The end of the Dowd thesis

Apparently the traditional rule of democratic politics—that all elections are won in the middle ground of undecided voters—no longer holds true. Call it the Dowd thesis, after the former Democratic party activist Matt Dowd, who became a Republican through his friendship with Karl Rove, and then became President Bush's chief pollster in the elections of 2000 and 2004. Remember that in the 2000 campaign, Bush ran as a moderate "compassionate conservative" who was, in the traditional way, looking for undecided voters in the middle ground and seeking support among ethnic groups like blacks and Hispanics, not usually noted for Republican sympathies. But as he analysed the results of that razor-edge election, Dowd found something very strange in the small print of the statistics: "[The data] showed that independents or persuadable voters in the last 20 years had gone from 22 per cent of the electorate to 7 per cent in 2000," explains Dowd. "And so 93 per cent of the electorate… was going to be already decided either for us or against us. You obviously had to do fairly well among the 6 or 7 per cent, but you could lose [them] and win the election, which was revolutionary."

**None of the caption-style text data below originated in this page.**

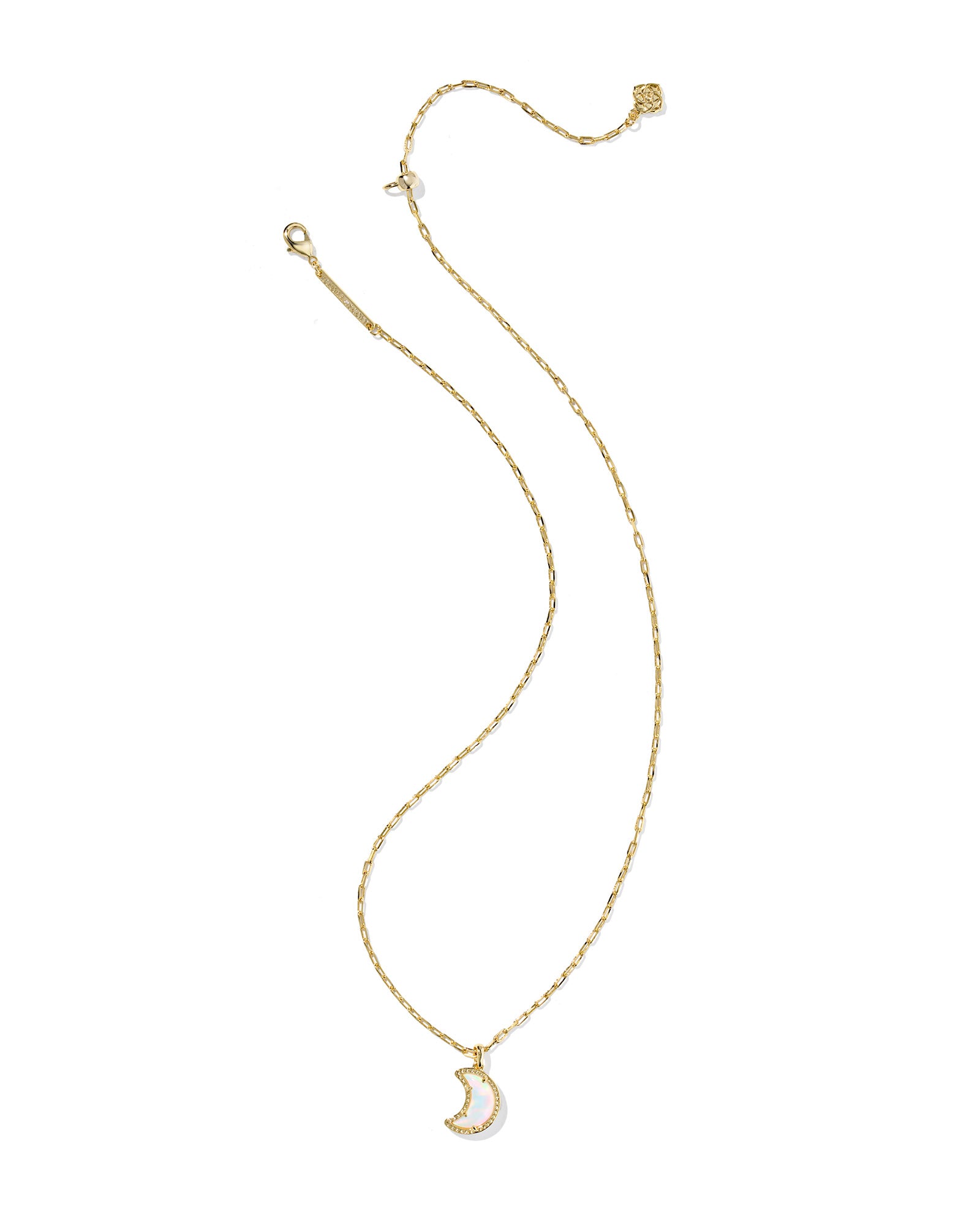 Moon Gold Short Pendant Necklace in White Opalescent Resin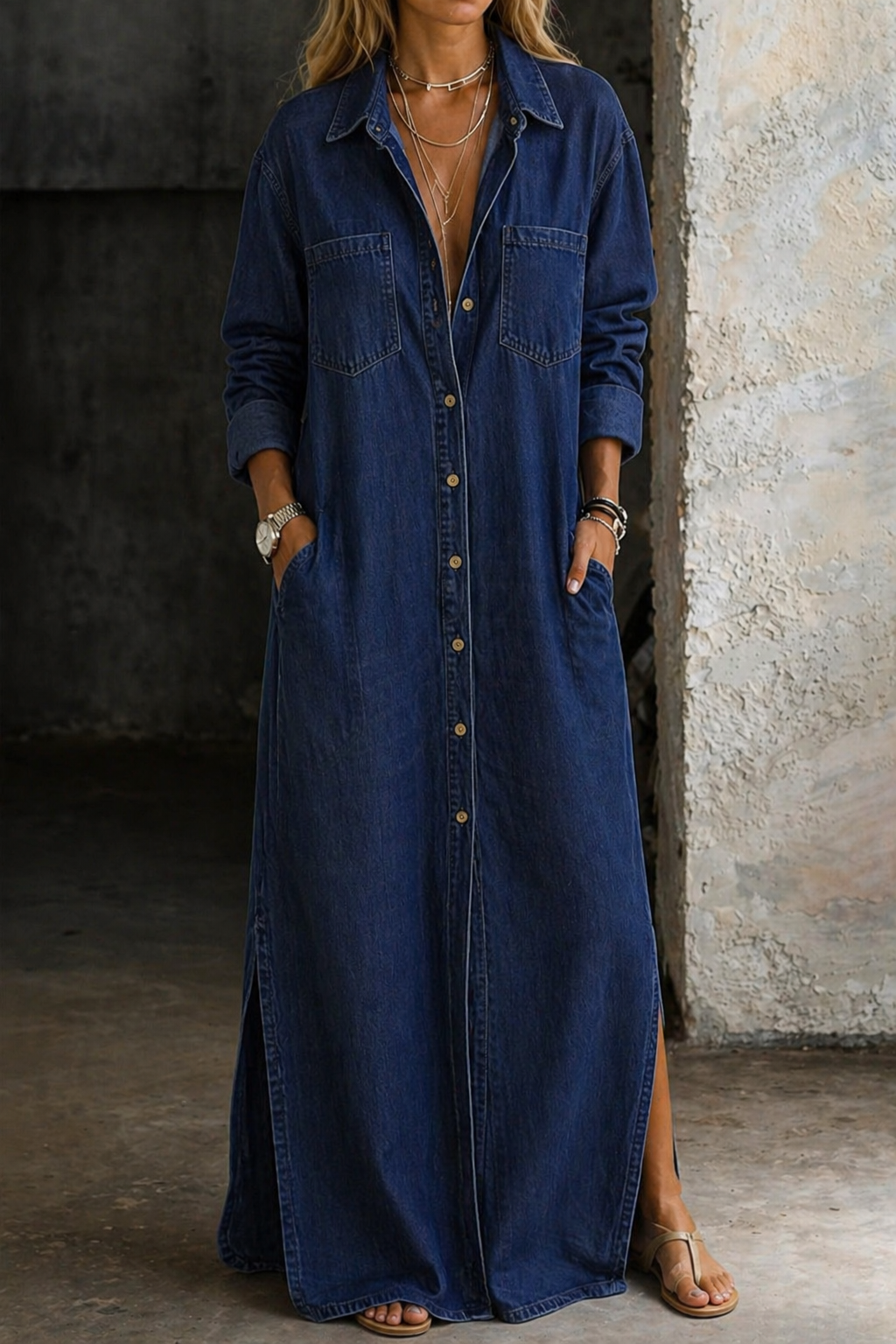 Andrea Denim Button-Front Maxi Dress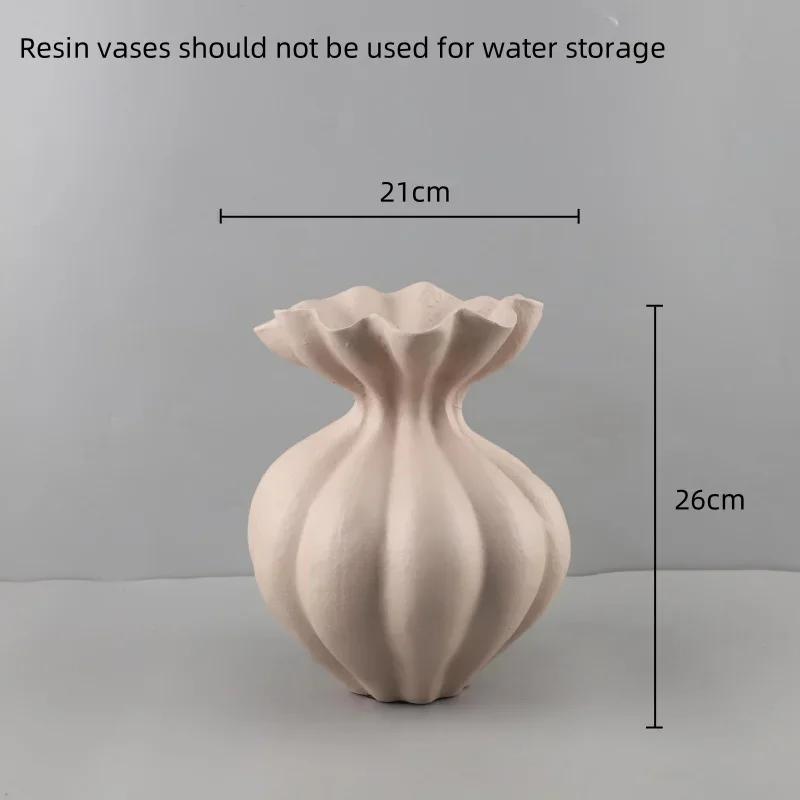 Ваза из смолы Форма бутона Бахрома Складка Цветочная ваза Изделия из смолы Аксессуары для цветочных композиций Горшок для цветов Домашний декор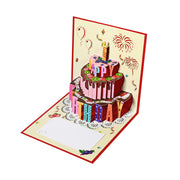 バースデーカード ポップアップ 誕生日 グリーティングカード 3D メッセージカード birthday お祝い バースディ ケーキモチーフ 立体 飛び出す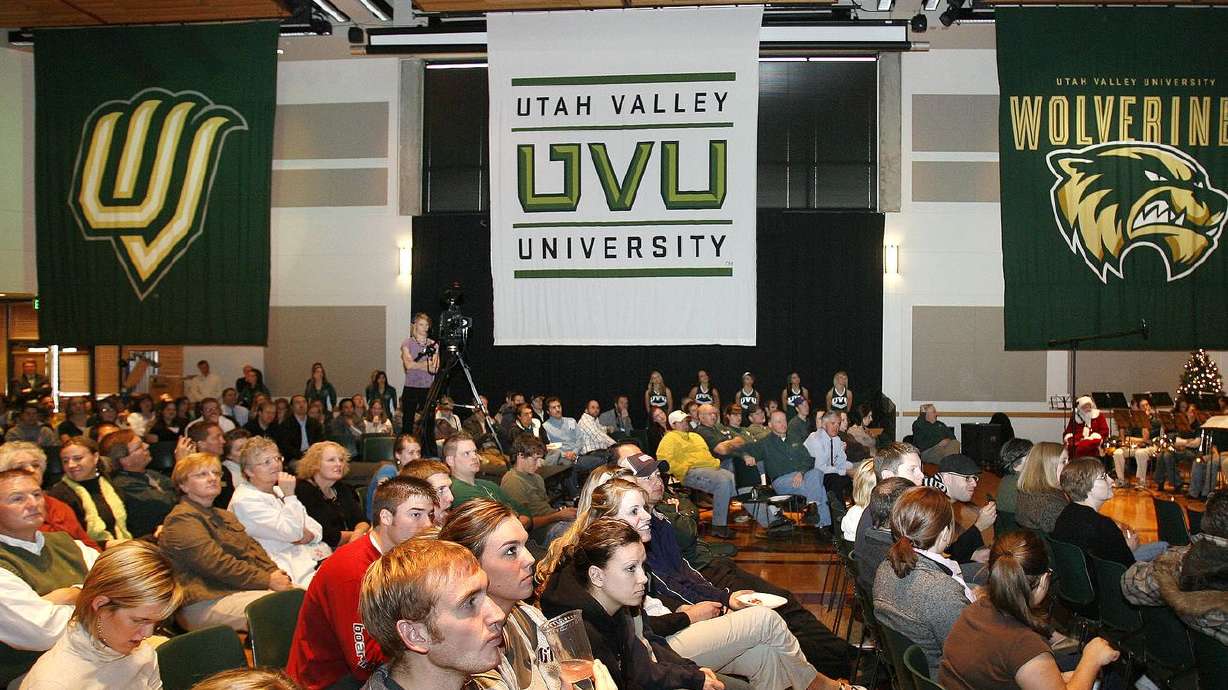 Banners of the new UVU logos hang from the ceiling at Utah Valley University on Nov. 30, 2007.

Rove was convinced and the political consequence was that the Republicans decided to devote half their available resources to getting out the vote, rather than 80 per cent of their resources to persuading the undecided voters. This transformed American politics, not only because of this massive shift in campaign resources, but also because it changed the entire thrust of the campaign. Rather than running to the centre, the Bush campaigns in 2002 and 2004 ran to the patriot right and pushed hot-button topics and wedge issues like gay marriage and stem cell research to energise their core supporters. They sought to polarise the electorate, rather than spouting the usual rhetoric about uniting them. But if in November the Republican base proves to be too few in numbers to win and the Dowd thesis collapses, expect the hunt for the centre ground to resume.


Here comes Bloomberg

Neither party is happy with its front-runners for the presidency in 2008. A lot of Democrats fear Hillary cannot win, while Republican conservatives dislike John McCain. This anxiety seems to lie behind the sudden flurry of interest in New York mayor and media mogul Michael Bloomberg, whose chief aide Kevin Sheekey is urging a White House run. Although nominally a Republican with a decent record running the big apple, the centrist and socially liberal Bloomberg would have trouble getting his party's nomination. So the buzz in New York is that having seen how well his chum Joe Lieberman is doing running as an independent in Connecticut, Bloomberg is thinking about a third-party bid. As a running mate, Bloomberg appears to be courting Los Angeles mayor Antonio Villaraigosa, a Hispanic Democrat who seems all too ready to be seduced. Bloomberg made a point of attending Villaraigosa's inauguration and in September he was back in LA, attending fundraisers for Arnold Schwarzenegger and hailing Villaraigosa as a visionary mayor. Villaraigosa returned the compliment. According to Tumbler's sources in the New York labour unions, who like Bloomberg a lot, they have been given a peek at polls by Bloomberg's staff that show an independent Bloomberg campaign doing "one helluva lot better than Ross Perot," who got nearly 20 per cent of the national vote in 1992. Another Bloomberg backer is legendary LA police chief Bill Bratton, who made his name by slashing crime as New York police commissioner from 1994-96. Bratton said Bloomberg had "run the most complicated city successfully for five years now—he would be adequately prepared to assume the responsibility of president." And funding will be no problem. The Forbes list of the mega-rich puts Bloomberg's personal wealth at $5bn.